- **Exercise objective**
Ignoring every picture, return the lines of the listing below word for word, from the line that holds "Load image into" through the line that holds "Smart Ring Health".

====== Stored data ======

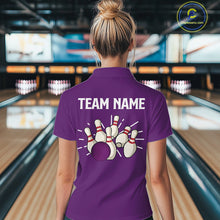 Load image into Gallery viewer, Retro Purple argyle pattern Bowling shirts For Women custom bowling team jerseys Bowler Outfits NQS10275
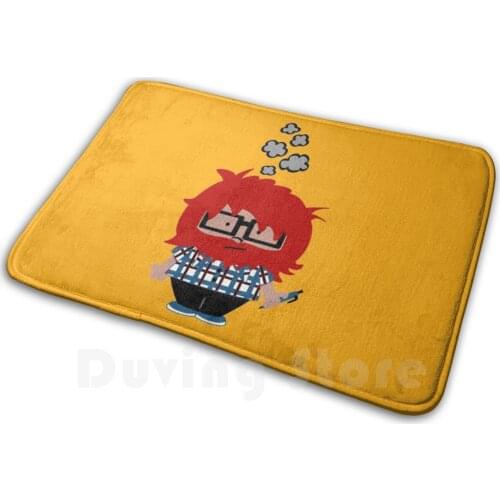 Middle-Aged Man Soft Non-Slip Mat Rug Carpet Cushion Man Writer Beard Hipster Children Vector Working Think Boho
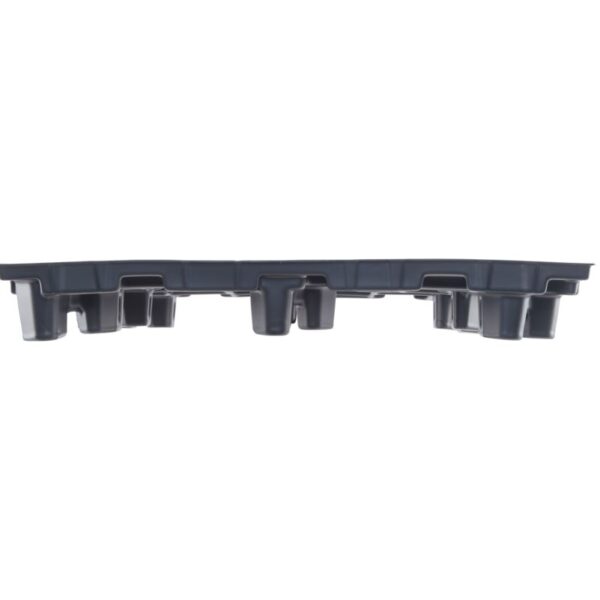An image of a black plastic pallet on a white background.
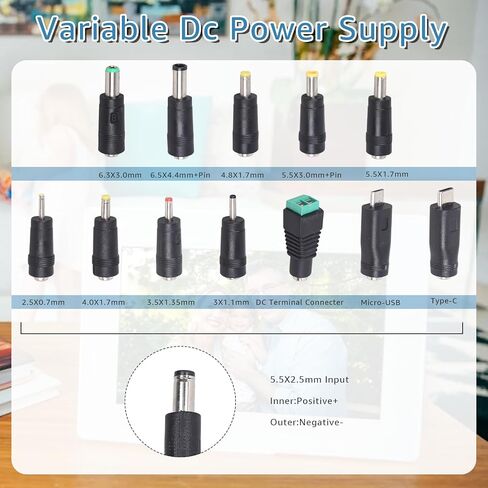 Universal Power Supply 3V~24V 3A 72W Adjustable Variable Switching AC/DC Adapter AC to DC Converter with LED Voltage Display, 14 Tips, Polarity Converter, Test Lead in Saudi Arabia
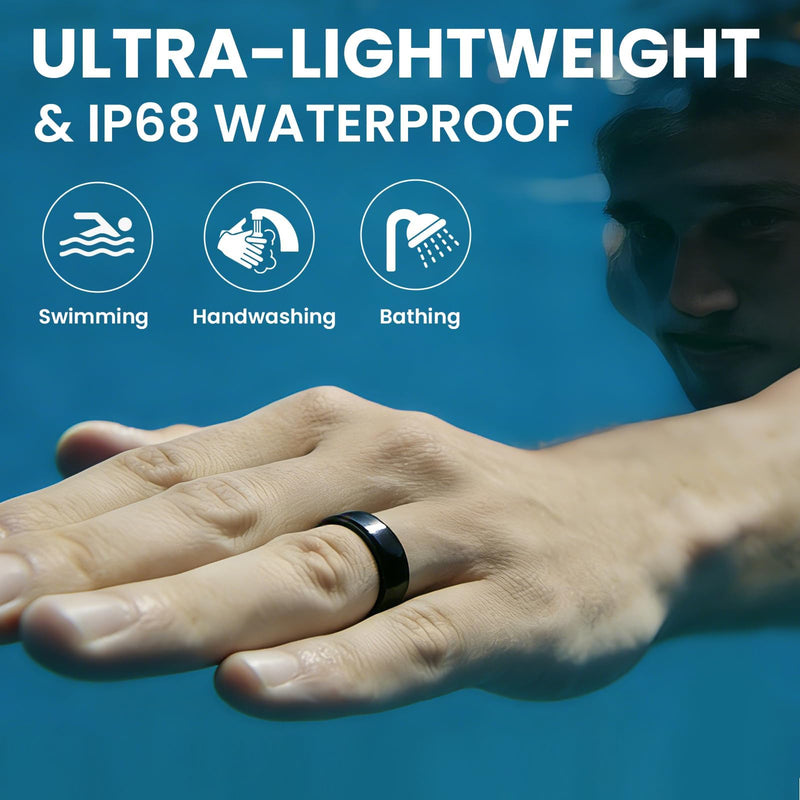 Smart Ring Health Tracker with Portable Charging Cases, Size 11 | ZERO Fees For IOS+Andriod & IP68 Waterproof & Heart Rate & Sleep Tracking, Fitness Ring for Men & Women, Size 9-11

======
====== Stored data ======

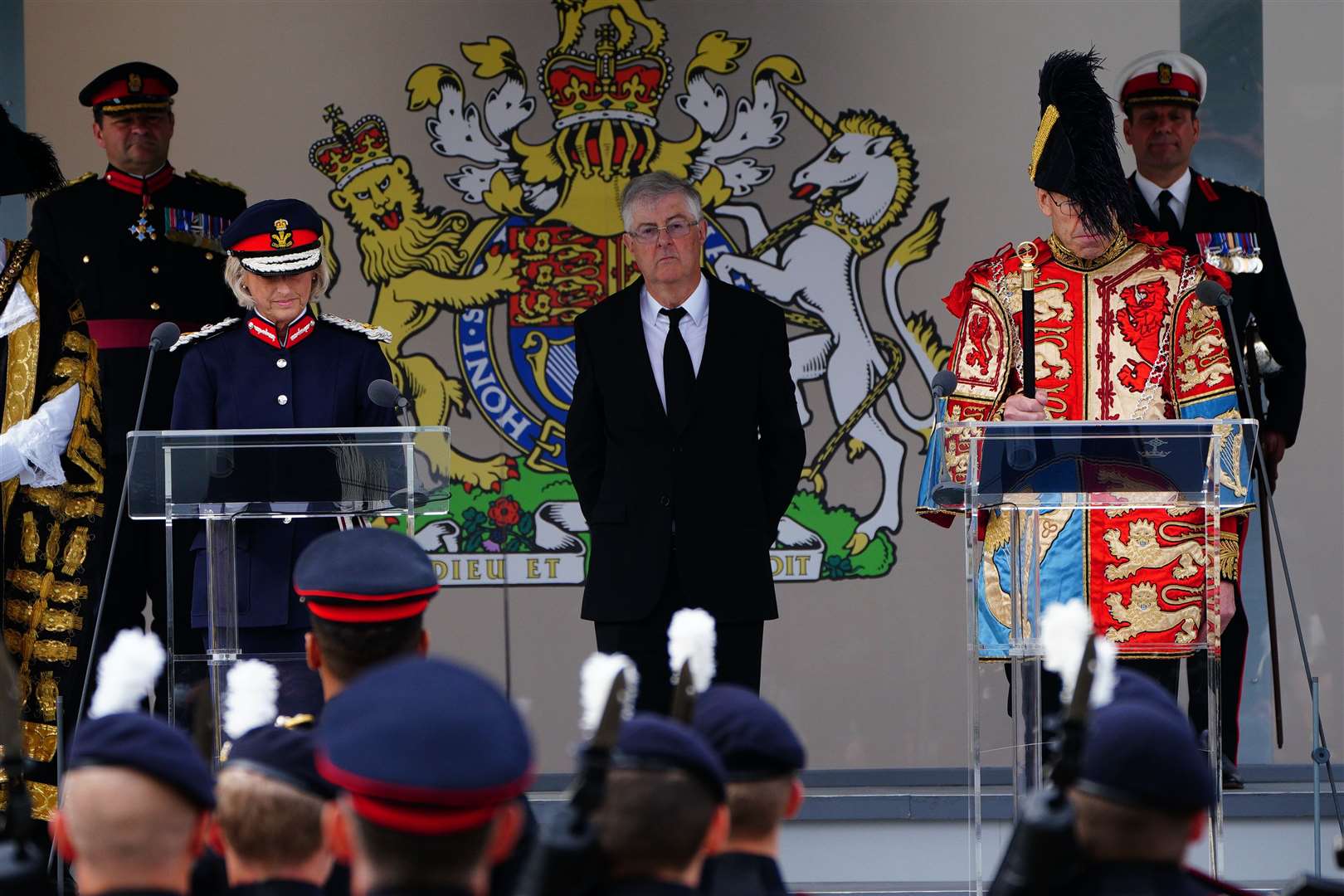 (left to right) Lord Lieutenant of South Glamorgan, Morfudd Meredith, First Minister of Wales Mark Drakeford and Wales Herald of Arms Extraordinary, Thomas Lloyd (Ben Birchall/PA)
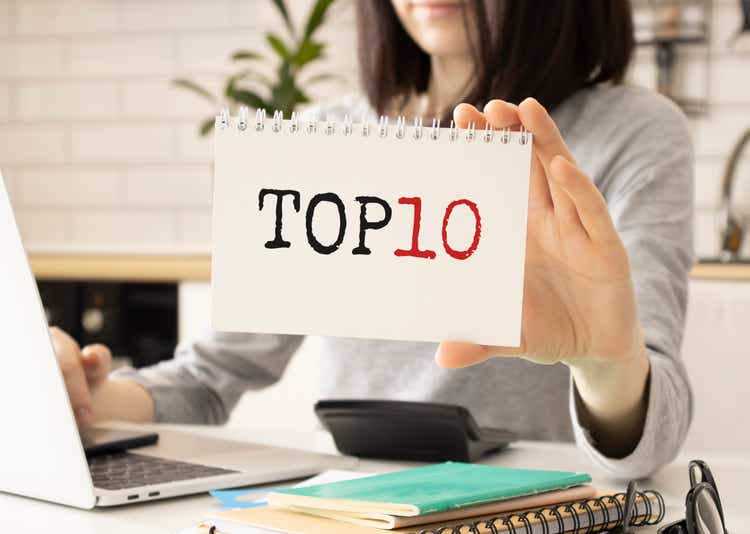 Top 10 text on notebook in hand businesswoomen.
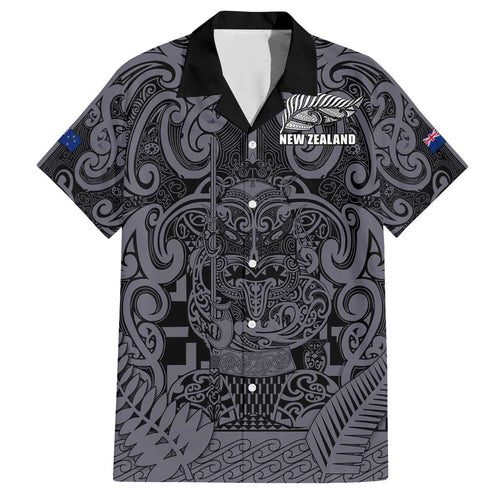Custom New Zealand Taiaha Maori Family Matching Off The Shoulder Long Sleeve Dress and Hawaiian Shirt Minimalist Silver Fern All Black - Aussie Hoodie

======

- **Response**
 Load image into Gallery viewer, Retro Purple argyle pattern Bowling shirts For Women custom bowling team jerseys Bowler Outfits NQS10275
 Middle-Aged Man Soft Non-Slip Mat Rug Carpet Cushion Man Writer Beard Hipster Children Vector Working Think Boho
An image of a black plastic pallet on a white background.
 Universal Power Supply 3V~24V 3A 72W Adjustable Variable Switching AC/DC Adapter AC to DC Converter with LED Voltage Display, 14 Tips, Polarity Converter, Test Lead in Saudi Arabia
 Smart Ring Health Tracker with Portable Charging Cases, Size 11 | ZERO Fees For IOS+Andriod & IP68 Waterproof & Heart Rate & Sleep Tracking, Fitness Ring for Men & Women, Size 9-11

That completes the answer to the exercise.